Ramazanda mutadımız olduğu üzere, sabahlamalar devam ederken, o kardeşimiz Hazret-i Üstadı yine görüyor;”Kardeşim Elhamdülillah.. o kayıt kalktı.”buyurmuşlar.
Sonraki bir zamanda tekrar rüyada :”Kardeşim o kayıt iptal edilmedi; tehir edildi.”buyurmuşlar
Vaktiyle Hazret-i Üstad İzmirin kadim Nur talebelerinden Mustafa Birlik Ağabeye, bir ziyaretlerinde:” Kardeşim İzmir benim için çok mühimdir. Oradan masonluğun Anadoluya sızmasından endişem var. Ahmet Feyzi ve siz olmasaydınız, ben gelmem lazımdı.”diye ifade etmişler.
İzmirde Nur vahaları iyidir. Merhum Mustafa Sungur Ağabey :”Vaktiyle tekyenin merkezi Bursa, medresenin merkezi Konya olduğu gibi; İzmir’den de bir mana yayılacaktır.”diye teşvikte bulunmuşlardı.
İspanyolca hizmetini ısrarla İzmir’e tahmil ettiler. Allah ebeden razı olsun. Vefatlarından sonra bir kardeşimize bizce bir rüya-yı sadıkada: “Bundan sonraki hizmetim, himmetimle olacak” buyurmuşlar.

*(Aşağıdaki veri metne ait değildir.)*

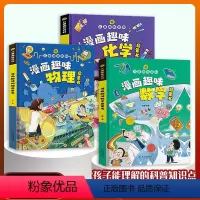 漫画趣味数理化 [正版]漫画趣味物理化学启蒙书全套儿童趣味百科全书小学生1-6年级数理化阅读课外书少儿十万个为什么大百科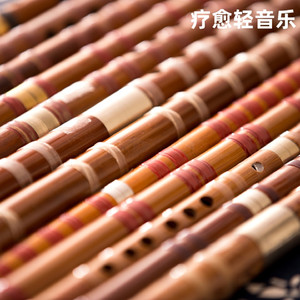 如愿丨治愈、舒缓竹笛曲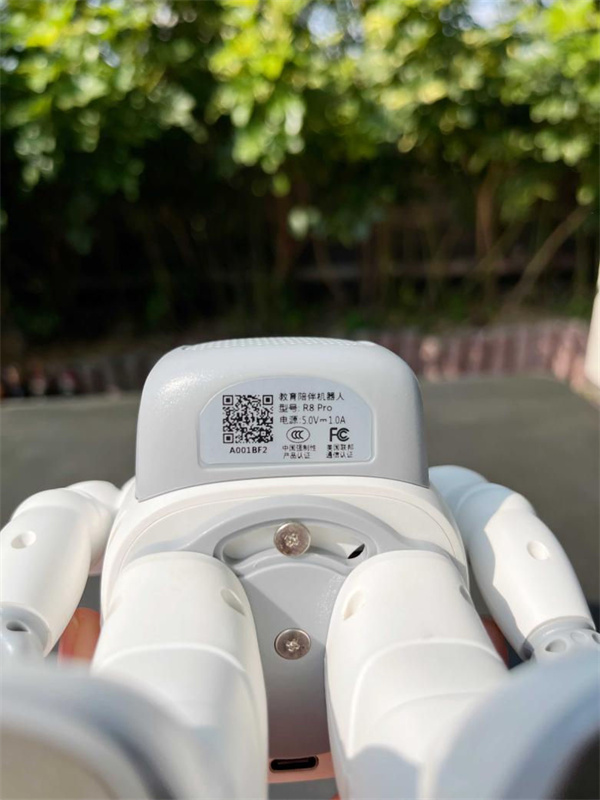 教育機(jī)器人底部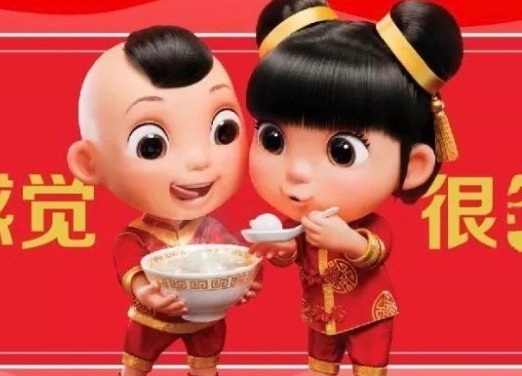 2020可口可乐五福图片扫福字专用图片图片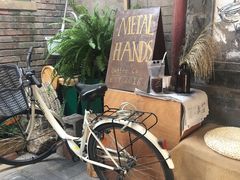门面-METAL HANDS(五道营店)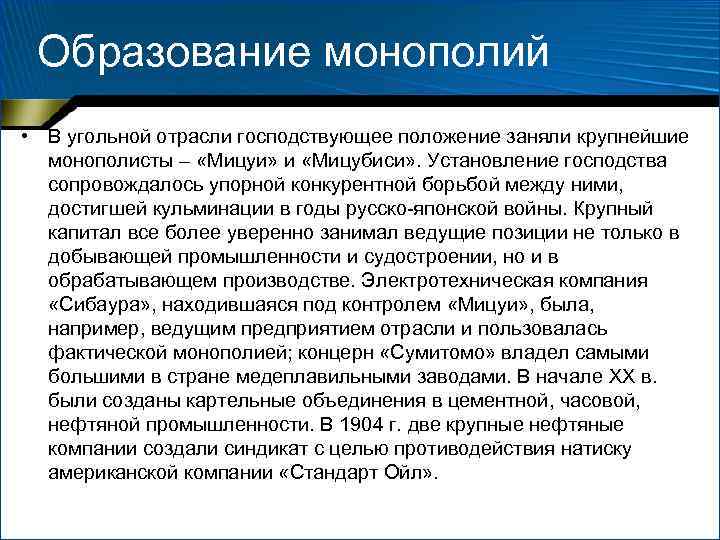 Образование монополий • В угольной отрасли господствующее положение заняли крупнейшие монополисты – «Мицуи» и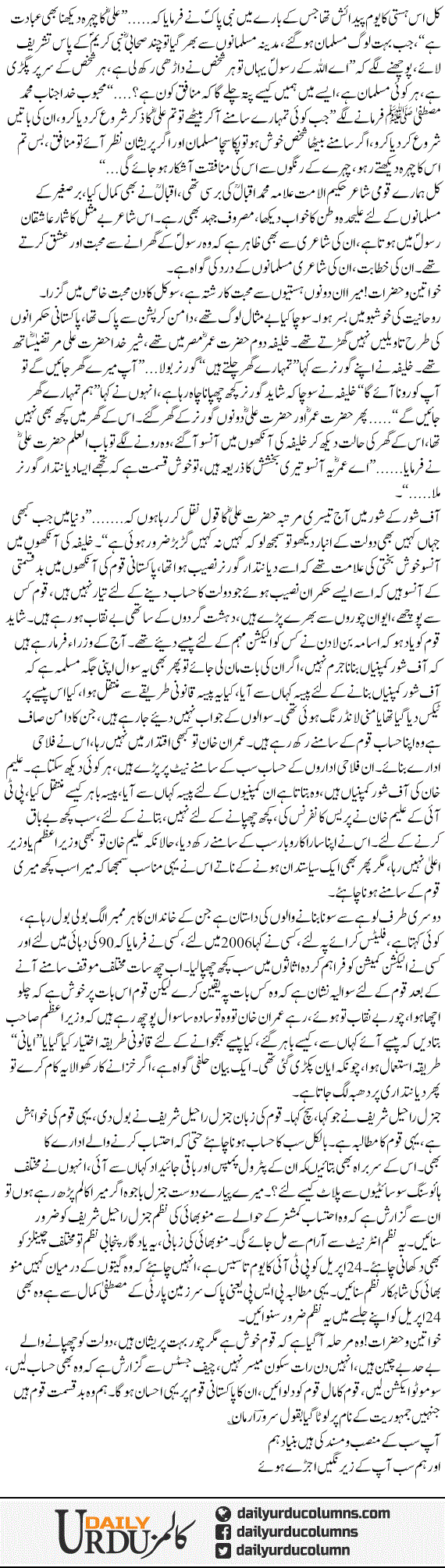 Qoum Khush Hai Mager Chore | Mazhar Barlas | ColumnsHub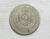 200 Réis – 1876 – Data Escassa / Império / Cu/Ni / Cod.510.1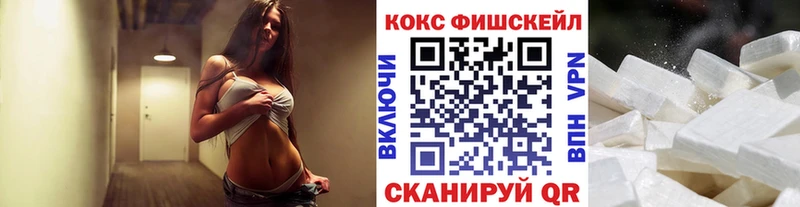 Кокаин Fish Scale  как найти наркотики  сайты даркнета формула  Ахтырский 
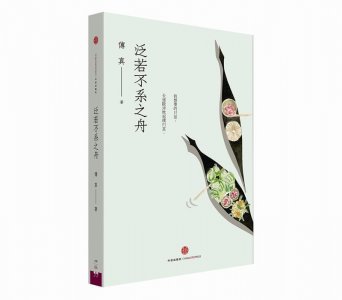 ​每周一书：傅真《泛若不系之舟》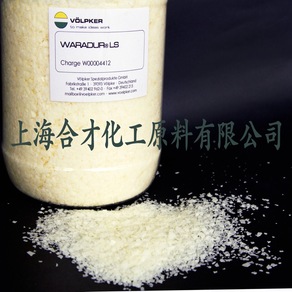 Voelpker蒙旦蜡LS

İzmir için bir tavzihimiz var: Eski zamanda İzmirde müslüman teb’a biraz iç tarafta(Eskiizmir’de) ikamet ederlermiş; ecnebiler sahil tarafında otururlarmış. Sahil tarafına giden bir kimseye: “Nereye gidiyorsun?”denildiğinde:” Gavur İzmire gidiyorum.”dermiş.

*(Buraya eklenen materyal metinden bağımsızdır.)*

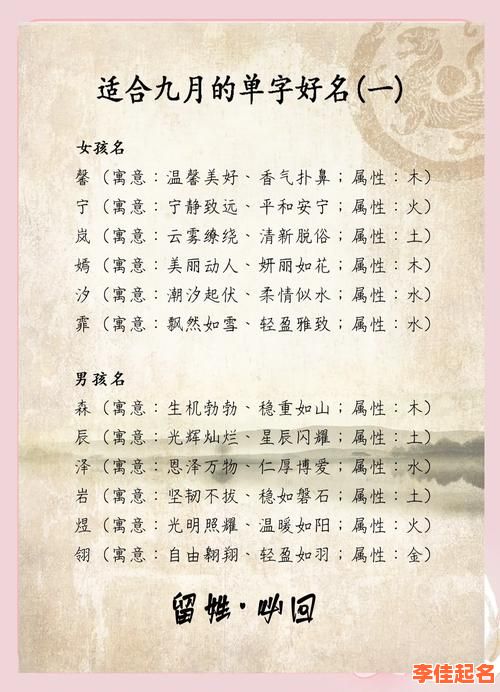 最有气质的单字女孩名字 女孩大气单字名字-第1张图片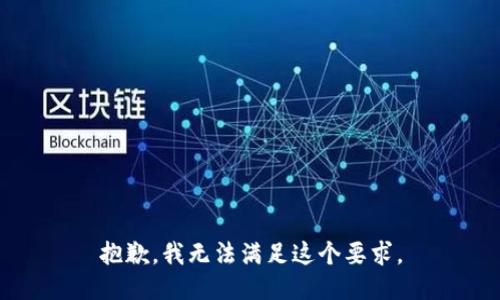 抱歉，我无法满足这个要求。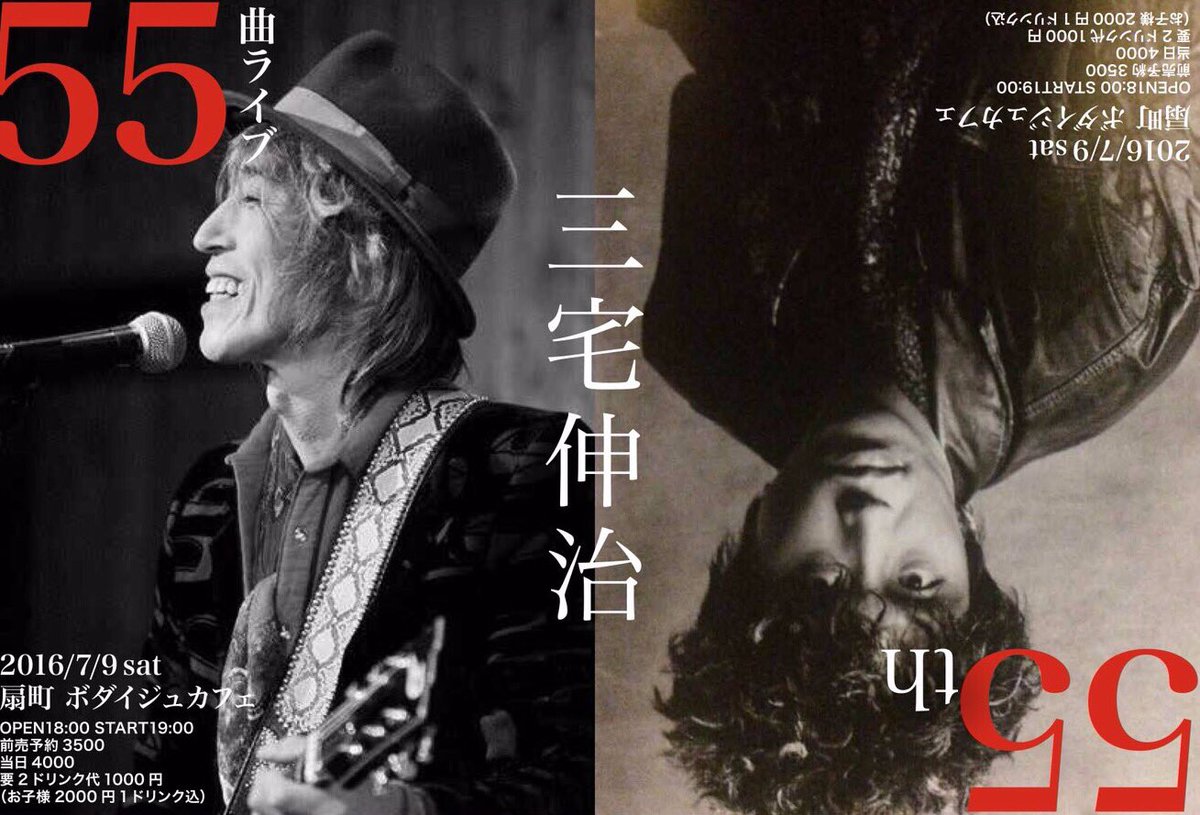 miyake_staff's tweet photo. ♬ 三宅伸治solo

今週末 7/9（土）大阪・ボダイジュ カフェ

start19:00
¥3500/¥4000（2d別）
(問)090-5645-8991

関西でのsoloは暫くありませんのでお近くの方は是非！
55曲⁉︎ https://t.co/vK2vHxroUu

Bu tabir yüzünden, İzmir iftiraya uğramış.
Hazreti Üstad Bediüzzaman’ın, o zamanki Ahrar olan Demokratlara vatana, millete, dine yapacağınız hizmetlere mukabil; ben ve nurcu kardeşlerim size dua etmeye karar vereceğiz.”diye mektupta ifade ettikleri ellili yıllarda İzmir, demokrasinin kalesiydi. “Demokrat İzmir”denilirdi.